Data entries
━━━━━━
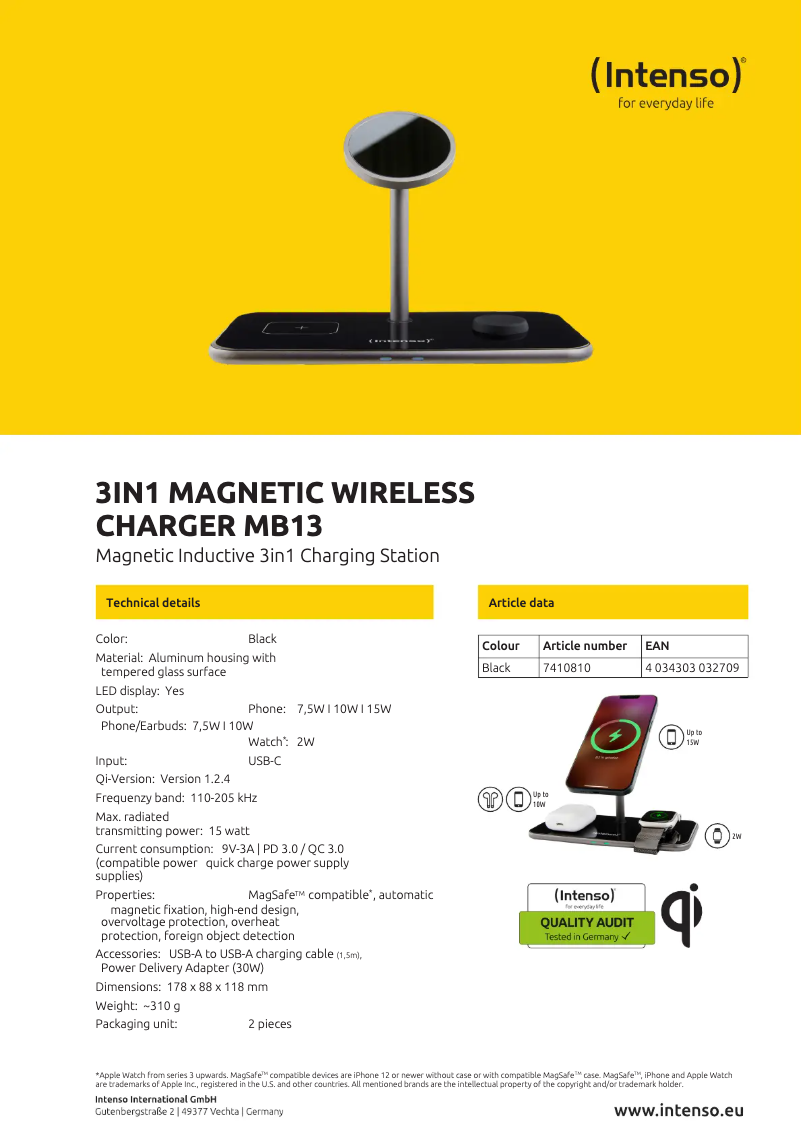 Page 1 of the manual Technical Sheet Intenso MB13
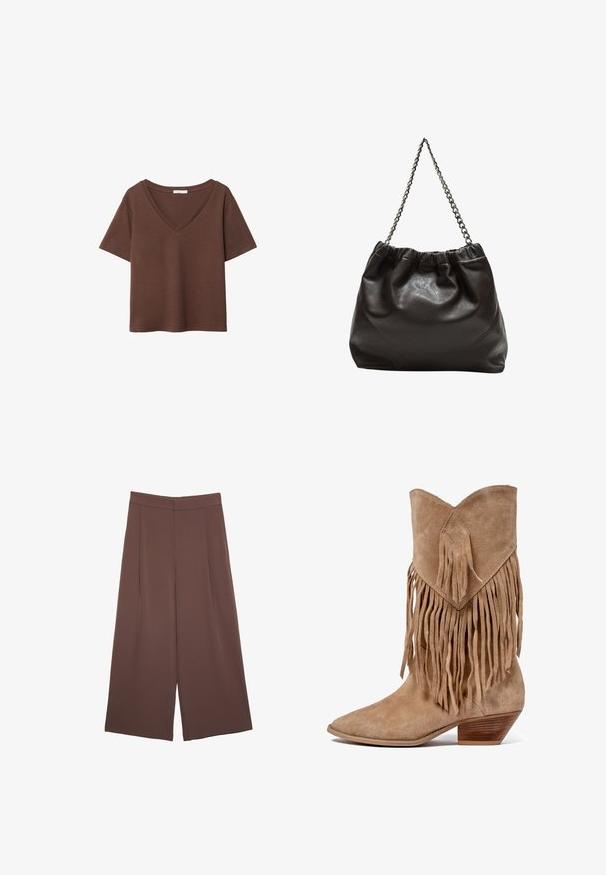 Brązowy bawełniany t-shirt z krótkimi rękawami i głębokim dekoltem w kształcie litery V. Prosty design, miękka faktura i prosty krój u dołu. Brak wzorów i akcentów.; Brązowe spodnie o szerokich nogawkach z gładką fakturą, z wysokim stanem i plisami z przodu. Materiał jest lekki i luźno opada.; Beżowe zamszowe kowbojki z frędzlami, spiczastym noskiem i niskim, ściśniętym obcasem. Posiadają rombową łatę przy mankiecie.; Brązowa skórzana torba z marszczonym szczytem i łańcuszkowym paskiem. Gładka tekstura z błyszczącym wykończeniem i subtelnymi detalami szwów po bokach.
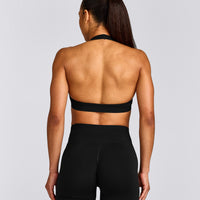 EffortlessLift™ Seamless Halter Neck Sports Bra | Black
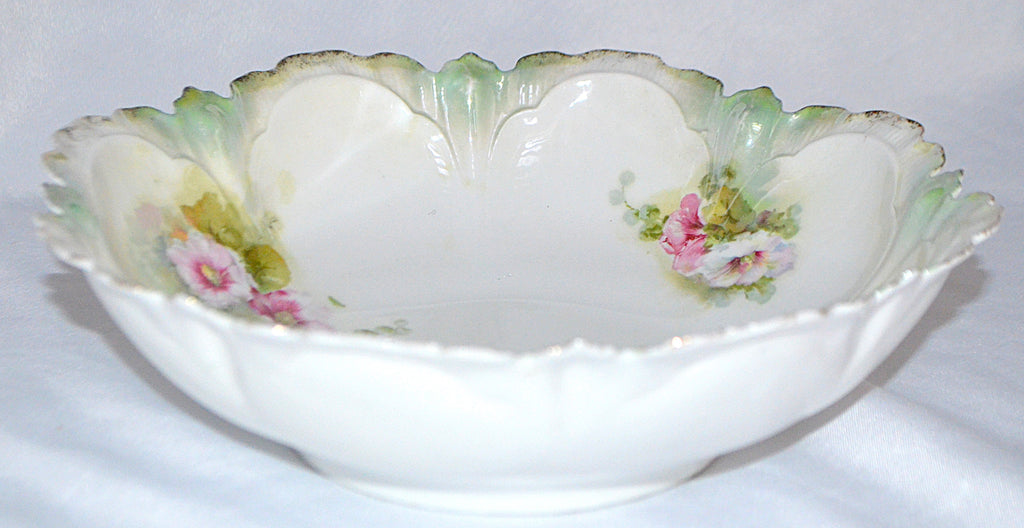 RS Prussia Bowl Mold 256 Poppies Pattern Pearlized Lustre Finish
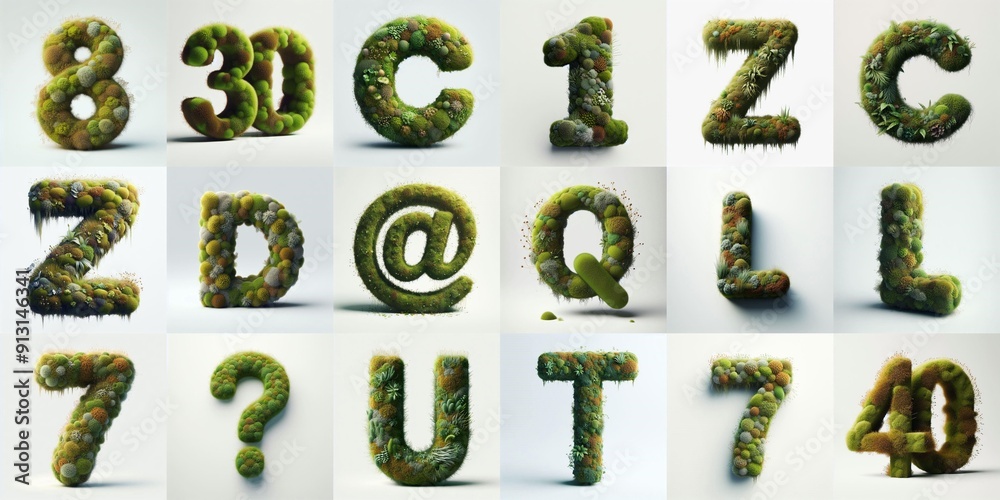 Naklejka premium Grass and moss Lettering Typeface. AI generated illustration
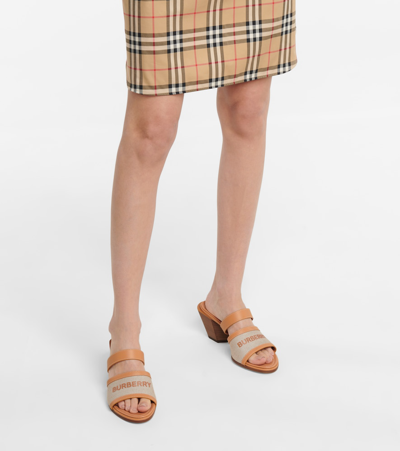 Shop Burberry Logo Leather-trimmed Sandals In Beige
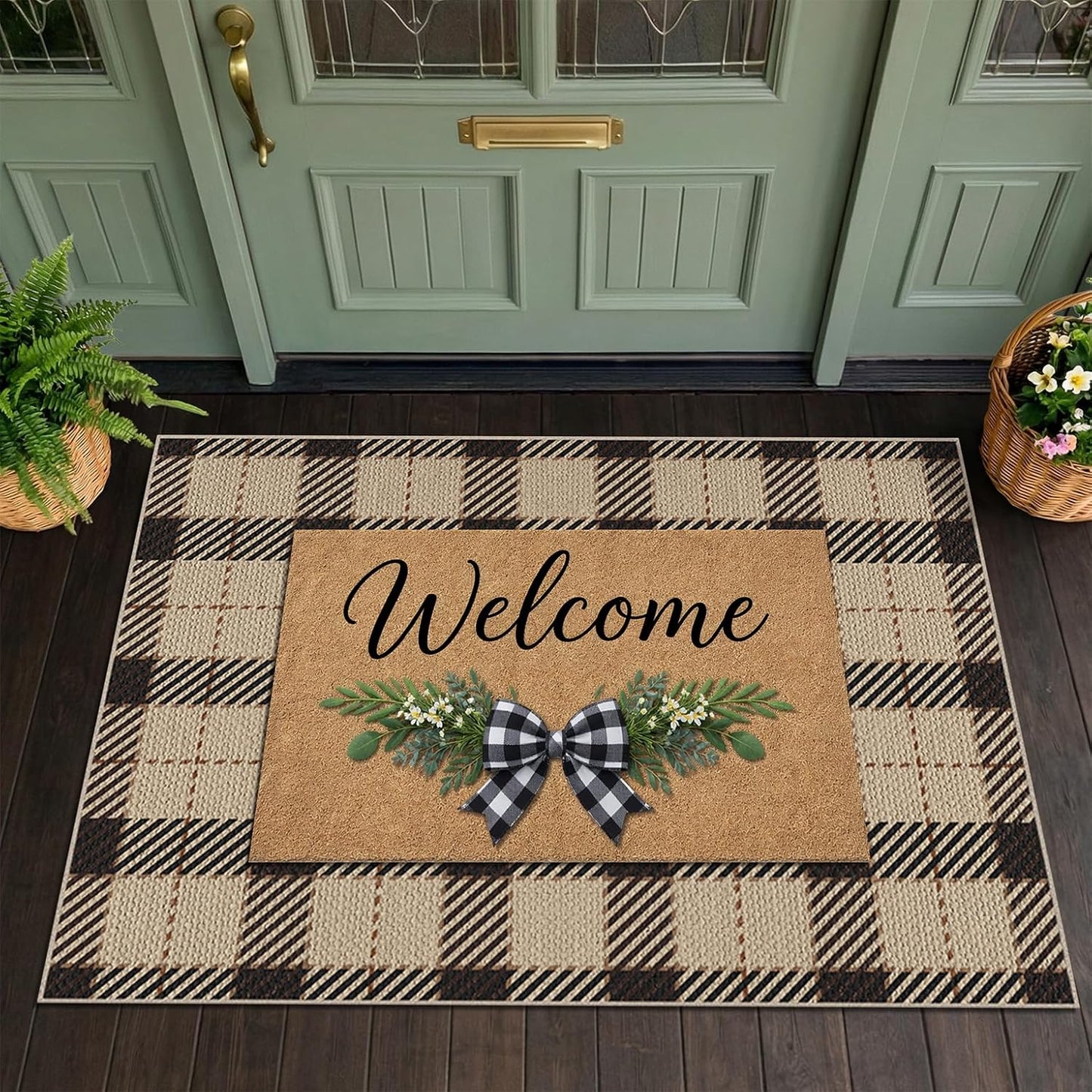 Tapete puerta delantera 27.5x43pulg antideslizante lavable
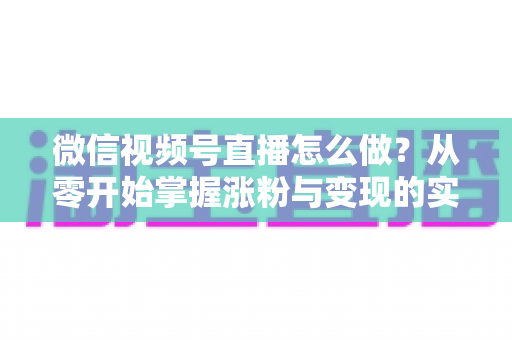 微信视频号直播怎么做?从零开始掌握涨粉与变现的实战全攻略 微信视频号直播怎么做?从零开始掌握涨粉与变现的实战全攻略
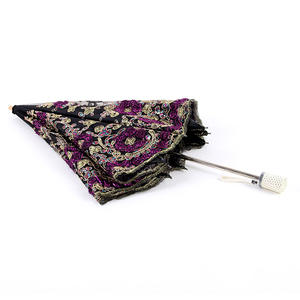 Payung matahari sutra lapisan ganda Lolita mewah DD3790 payung pernikahan bordir bunga renda 2 lipat Logo kustom tahan hujan dewasa - Product Image 4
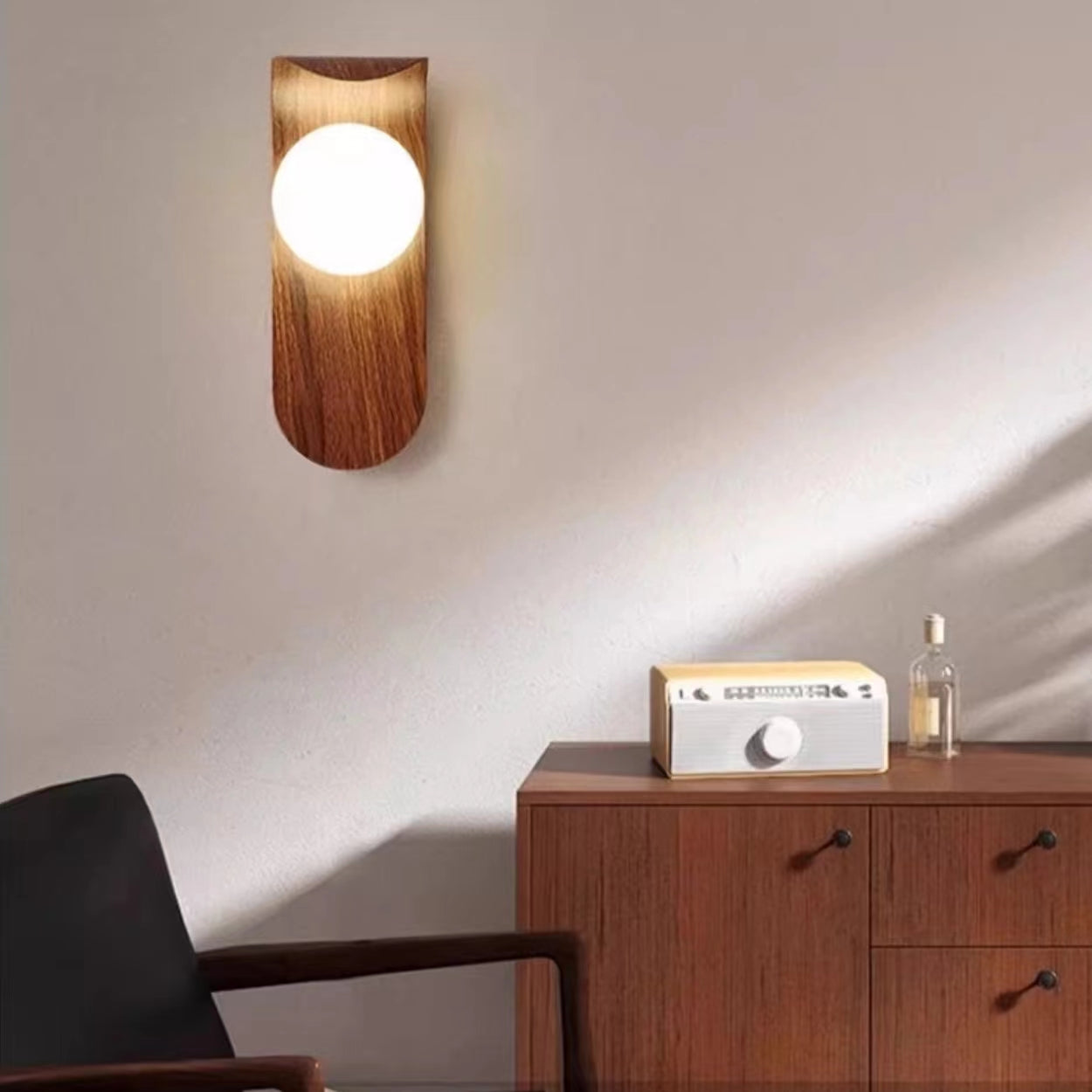 Minimalist Arc Plate Globe Wall Sconce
━━━━━━
__WHAT YOU SHOULD DO__
Reproduce the data above without a single change, please, but without its pictures.

__TASK RESPONSE__
 Page 1 of the manual Technical Sheet Intenso MB13
 Brązowy bawełniany t-shirt z krótkimi rękawami i głębokim dekoltem w kształcie litery V. Prosty design, miękka faktura i prosty krój u dołu. Brak wzorów i akcentów.; Brązowe spodnie o szerokich nogawkach z gładką fakturą, z wysokim stanem i plisami z przodu. Materiał jest lekki i luźno opada.; Beżowe zamszowe kowbojki z frędzlami, spiczastym noskiem i niskim, ściśniętym obcasem. Posiadają rombową łatę przy mankiecie.; Brązowa skórzana torba z marszczonym szczytem i łańcuszkowym paskiem. Gładka tekstura z błyszczącym wykończeniem i subtelnymi detalami szwów po bokach.
 EffortlessLift™ Seamless Halter Neck Sports Bra | Black
 RS Prussia Bowl Mold 256 Poppies Pattern Pearlized Lustre Finish
 Naklejka premium Grass and moss Lettering Typeface. AI generated illustration
 Shop Burberry Logo Leather-trimmed Sandals In Beige
 Tapete puerta delantera 27.5x43pulg antideslizante lavable
 微信视频号直播怎么做?从零开始掌握涨粉与变现的实战全攻略 微信视频号直播怎么做?从零开始掌握涨粉与变现的实战全攻略
 Payung matahari sutra lapisan ganda Lolita mewah DD3790 payung pernikahan bordir bunga renda 2 lipat Logo kustom tahan hujan dewasa - Product Image 4
 Minimalist Arc Plate Globe Wall Sconce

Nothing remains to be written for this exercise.